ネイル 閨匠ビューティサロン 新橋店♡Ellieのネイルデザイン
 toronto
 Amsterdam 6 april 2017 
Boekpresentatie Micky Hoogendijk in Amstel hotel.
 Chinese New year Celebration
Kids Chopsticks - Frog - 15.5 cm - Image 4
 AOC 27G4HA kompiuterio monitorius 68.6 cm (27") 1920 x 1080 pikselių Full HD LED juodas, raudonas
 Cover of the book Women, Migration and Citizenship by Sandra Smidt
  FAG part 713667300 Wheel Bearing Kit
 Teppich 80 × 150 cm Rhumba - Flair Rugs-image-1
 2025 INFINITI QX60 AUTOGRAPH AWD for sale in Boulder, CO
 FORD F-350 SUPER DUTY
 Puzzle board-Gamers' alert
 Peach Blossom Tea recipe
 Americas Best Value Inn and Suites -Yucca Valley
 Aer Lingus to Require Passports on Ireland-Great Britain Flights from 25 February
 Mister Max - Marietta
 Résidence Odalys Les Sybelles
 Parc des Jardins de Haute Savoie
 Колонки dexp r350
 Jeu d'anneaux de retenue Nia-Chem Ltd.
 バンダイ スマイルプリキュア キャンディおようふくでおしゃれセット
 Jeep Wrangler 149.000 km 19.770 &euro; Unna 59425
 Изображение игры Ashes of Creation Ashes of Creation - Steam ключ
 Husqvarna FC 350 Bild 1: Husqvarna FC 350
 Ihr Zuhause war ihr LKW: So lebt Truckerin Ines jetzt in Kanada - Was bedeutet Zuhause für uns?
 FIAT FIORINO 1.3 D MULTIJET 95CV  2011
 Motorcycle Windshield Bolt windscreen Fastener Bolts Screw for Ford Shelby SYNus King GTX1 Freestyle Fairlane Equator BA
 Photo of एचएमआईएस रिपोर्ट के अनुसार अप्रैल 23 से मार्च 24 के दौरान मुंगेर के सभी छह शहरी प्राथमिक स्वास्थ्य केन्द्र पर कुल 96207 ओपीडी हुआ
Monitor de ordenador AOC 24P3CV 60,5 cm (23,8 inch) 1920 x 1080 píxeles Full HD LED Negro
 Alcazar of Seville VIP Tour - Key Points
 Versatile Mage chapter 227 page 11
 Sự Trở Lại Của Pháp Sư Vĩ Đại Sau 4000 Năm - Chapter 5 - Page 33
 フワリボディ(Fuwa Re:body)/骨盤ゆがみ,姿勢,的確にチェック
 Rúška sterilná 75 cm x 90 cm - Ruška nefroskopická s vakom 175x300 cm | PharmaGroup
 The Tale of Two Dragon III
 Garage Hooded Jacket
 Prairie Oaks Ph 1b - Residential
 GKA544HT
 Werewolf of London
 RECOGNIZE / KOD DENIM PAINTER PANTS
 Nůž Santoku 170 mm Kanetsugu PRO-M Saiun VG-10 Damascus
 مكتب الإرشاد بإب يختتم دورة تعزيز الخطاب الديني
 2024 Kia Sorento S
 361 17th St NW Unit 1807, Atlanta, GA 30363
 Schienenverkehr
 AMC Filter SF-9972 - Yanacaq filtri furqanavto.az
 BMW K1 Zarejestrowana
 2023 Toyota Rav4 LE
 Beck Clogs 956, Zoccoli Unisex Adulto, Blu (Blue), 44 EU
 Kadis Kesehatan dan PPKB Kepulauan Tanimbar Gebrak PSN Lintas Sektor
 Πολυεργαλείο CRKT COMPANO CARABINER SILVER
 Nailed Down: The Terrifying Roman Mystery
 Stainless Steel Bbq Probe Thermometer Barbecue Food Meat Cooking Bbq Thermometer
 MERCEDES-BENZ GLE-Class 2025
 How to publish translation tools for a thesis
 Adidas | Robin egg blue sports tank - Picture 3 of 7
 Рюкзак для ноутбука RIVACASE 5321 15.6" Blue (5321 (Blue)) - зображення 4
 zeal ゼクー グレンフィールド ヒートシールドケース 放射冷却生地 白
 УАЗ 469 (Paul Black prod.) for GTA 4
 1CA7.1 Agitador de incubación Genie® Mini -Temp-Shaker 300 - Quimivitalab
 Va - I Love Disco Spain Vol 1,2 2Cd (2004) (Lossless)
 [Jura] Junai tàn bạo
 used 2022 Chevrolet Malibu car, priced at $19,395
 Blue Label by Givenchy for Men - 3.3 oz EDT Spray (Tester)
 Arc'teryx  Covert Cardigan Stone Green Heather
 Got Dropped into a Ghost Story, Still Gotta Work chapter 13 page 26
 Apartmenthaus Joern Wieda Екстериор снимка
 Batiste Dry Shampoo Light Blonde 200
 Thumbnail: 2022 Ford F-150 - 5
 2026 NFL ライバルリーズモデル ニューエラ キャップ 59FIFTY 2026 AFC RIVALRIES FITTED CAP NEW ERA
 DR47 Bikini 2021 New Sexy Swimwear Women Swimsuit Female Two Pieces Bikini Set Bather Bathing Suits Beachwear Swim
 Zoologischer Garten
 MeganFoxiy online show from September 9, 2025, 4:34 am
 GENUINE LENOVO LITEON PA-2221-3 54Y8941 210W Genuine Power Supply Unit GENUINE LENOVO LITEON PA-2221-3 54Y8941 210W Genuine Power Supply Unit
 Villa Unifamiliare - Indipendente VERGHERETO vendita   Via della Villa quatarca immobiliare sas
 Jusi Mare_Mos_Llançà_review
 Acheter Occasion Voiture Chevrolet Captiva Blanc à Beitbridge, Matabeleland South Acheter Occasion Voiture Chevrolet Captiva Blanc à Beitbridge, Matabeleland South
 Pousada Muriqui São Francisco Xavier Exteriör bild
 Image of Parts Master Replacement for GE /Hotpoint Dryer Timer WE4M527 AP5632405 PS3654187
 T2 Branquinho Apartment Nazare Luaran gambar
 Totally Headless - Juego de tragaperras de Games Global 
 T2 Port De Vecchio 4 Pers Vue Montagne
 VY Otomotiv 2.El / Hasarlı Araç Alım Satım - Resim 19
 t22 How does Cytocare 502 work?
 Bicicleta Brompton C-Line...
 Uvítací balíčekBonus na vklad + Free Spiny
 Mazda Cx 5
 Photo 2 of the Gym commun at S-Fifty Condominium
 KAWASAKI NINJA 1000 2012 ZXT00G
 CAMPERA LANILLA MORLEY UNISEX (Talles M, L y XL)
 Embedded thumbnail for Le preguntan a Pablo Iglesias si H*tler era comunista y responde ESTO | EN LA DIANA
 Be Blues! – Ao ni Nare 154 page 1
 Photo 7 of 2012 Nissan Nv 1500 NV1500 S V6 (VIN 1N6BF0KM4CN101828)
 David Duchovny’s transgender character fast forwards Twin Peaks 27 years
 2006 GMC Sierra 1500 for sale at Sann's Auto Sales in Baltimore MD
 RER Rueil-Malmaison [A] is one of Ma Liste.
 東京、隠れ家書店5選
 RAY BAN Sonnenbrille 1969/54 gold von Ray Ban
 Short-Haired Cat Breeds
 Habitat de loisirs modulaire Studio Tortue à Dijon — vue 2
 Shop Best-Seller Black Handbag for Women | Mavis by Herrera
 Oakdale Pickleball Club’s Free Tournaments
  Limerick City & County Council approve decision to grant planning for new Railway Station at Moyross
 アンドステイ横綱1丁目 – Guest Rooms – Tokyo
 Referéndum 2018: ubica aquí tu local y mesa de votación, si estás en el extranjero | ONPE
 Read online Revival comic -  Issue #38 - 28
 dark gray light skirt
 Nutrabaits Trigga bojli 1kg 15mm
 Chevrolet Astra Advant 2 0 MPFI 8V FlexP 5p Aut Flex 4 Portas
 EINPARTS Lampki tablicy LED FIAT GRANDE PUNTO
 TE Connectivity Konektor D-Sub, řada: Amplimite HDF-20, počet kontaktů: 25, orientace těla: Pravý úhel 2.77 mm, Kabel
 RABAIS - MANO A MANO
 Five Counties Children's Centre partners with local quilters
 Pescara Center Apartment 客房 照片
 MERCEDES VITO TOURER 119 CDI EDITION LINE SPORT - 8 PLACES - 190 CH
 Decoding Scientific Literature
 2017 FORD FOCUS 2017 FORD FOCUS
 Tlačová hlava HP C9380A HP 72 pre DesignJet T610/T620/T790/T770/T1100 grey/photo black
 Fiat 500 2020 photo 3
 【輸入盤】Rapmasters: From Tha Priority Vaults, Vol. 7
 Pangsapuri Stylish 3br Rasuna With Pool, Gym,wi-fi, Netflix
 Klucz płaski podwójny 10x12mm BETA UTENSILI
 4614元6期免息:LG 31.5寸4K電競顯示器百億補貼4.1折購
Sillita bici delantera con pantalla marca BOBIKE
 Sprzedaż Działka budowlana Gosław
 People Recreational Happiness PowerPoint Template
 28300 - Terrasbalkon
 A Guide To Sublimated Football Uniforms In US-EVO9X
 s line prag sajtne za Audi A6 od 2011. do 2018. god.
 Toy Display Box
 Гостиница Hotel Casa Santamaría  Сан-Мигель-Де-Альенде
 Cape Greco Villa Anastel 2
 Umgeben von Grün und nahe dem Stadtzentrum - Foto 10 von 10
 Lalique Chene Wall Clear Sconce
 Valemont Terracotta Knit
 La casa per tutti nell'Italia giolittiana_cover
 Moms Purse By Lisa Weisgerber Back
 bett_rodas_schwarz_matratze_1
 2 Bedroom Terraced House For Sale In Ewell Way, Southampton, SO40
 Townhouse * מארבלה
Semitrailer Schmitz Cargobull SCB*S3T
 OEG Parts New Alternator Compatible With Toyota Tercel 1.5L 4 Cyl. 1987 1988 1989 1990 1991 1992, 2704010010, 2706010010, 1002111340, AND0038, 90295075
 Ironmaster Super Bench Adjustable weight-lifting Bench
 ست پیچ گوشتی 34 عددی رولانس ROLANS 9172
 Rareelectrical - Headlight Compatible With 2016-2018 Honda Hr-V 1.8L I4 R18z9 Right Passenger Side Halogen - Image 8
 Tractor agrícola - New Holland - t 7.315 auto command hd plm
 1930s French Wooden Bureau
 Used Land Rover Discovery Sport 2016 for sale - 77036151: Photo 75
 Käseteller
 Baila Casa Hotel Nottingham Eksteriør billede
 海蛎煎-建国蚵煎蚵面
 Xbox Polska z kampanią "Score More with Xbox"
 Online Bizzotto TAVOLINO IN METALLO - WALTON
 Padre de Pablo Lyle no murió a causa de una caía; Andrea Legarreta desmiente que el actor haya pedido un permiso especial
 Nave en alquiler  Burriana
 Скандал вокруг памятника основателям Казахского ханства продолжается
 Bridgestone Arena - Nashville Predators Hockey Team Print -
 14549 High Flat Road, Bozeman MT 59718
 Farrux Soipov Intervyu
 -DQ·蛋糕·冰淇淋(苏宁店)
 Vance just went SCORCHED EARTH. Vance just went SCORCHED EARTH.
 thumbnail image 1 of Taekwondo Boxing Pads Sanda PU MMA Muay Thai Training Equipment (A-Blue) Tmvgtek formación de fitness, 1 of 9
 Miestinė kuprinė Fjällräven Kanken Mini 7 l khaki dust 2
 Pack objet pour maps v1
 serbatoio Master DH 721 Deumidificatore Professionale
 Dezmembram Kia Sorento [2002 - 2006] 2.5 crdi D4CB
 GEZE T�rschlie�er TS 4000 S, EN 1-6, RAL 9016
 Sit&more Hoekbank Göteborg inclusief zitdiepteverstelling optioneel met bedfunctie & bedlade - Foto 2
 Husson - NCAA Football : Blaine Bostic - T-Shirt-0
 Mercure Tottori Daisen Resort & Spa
◆ ◆ ◆ ◆ ◆
* [What you will do] What is needed is an exact repetition of the lines from the first line of the records through the line containing "Jeu d'anneaux de retenue Nia-Chem Ltd.", both ends included, and nothing more.

* [Finished exercise]
ネイル 閨匠ビューティサロン 新橋店♡Ellieのネイルデザイン
 toronto
 Amsterdam 6 april 2017 
Boekpresentatie Micky Hoogendijk in Amstel hotel.
 Chinese New year Celebration
Kids Chopsticks - Frog - 15.5 cm - Image 4
 AOC 27G4HA kompiuterio monitorius 68.6 cm (27") 1920 x 1080 pikselių Full HD LED juodas, raudonas
 Cover of the book Women, Migration and Citizenship by Sandra Smidt
  FAG part 713667300 Wheel Bearing Kit
 Teppich 80 × 150 cm Rhumba - Flair Rugs-image-1
 2025 INFINITI QX60 AUTOGRAPH AWD for sale in Boulder, CO
 FORD F-350 SUPER DUTY
 Puzzle board-Gamers' alert
 Peach Blossom Tea recipe
 Americas Best Value Inn and Suites -Yucca Valley
 Aer Lingus to Require Passports on Ireland-Great Britain Flights from 25 February
 Mister Max - Marietta
 Résidence Odalys Les Sybelles
 Parc des Jardins de Haute Savoie
 Колонки dexp r350
 Jeu d'anneaux de retenue Nia-Chem Ltd.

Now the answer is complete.